About the piece
The demand for Pino's free yet vividly poignant creations has historically been overwhelming, and his newest painting, Heavenly Breeze, is sure to remain true to form. As with each of his works, this one contains an unexpected element, although the central idea remains consistent with his theme of faith and family, and particularly the pricelessness of motherhood. In this case, the surprise lies in the fact that the figures are set in direct relation to the viewer-- perhaps intended to be a family member or close friend--effectively drawing one into the scene. Here, a mother and her two young children are seen idling on a windy beach, while the resplendent San Diego Temple shines in the background, solidly planted and unmoved by the storms of life.
Another striking aspect of this painting is the artist's use of "negative space," that is, those portions of the canvas which are minimally covered or which remain bare, thereby directing the viewer's eye according to the artist's desires and creating a sense of a frame within a frame. In other words, the final image is not the masked-off portioned of a perceived larger view, but a complete view in its own right. This technique creates an intimacy in Pino's work which is universally appealing.
Added to the fact that his figures seem so personal (in fact, many are modeled after his own family), it is no wonder that this latest addition will certainly become a favorite among his collectors.

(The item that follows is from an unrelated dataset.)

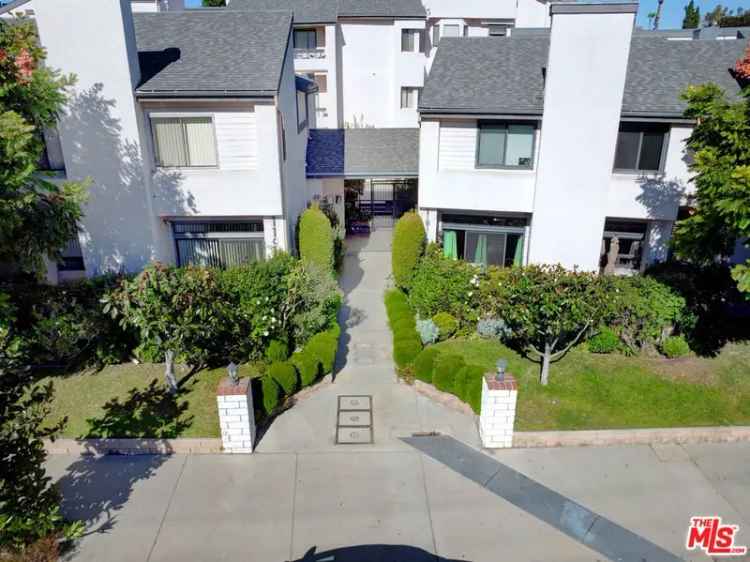 Condo For Sale in 11911, Magnolia Boulevard, Los Angeles, California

Giuseppe D'Angelico--now better known as Pino Daeni, or simply Pino --was born in Bari, Italy in 1939. His father was a technician at a local university, and although the family suffered hardships due to the war-torn country's economic distress at the time, Pino found a refuge in art. "It is fine art, unlike other artistic milieu, that the brush strokes come from the heart rather than the eye," says Pino of his true calling.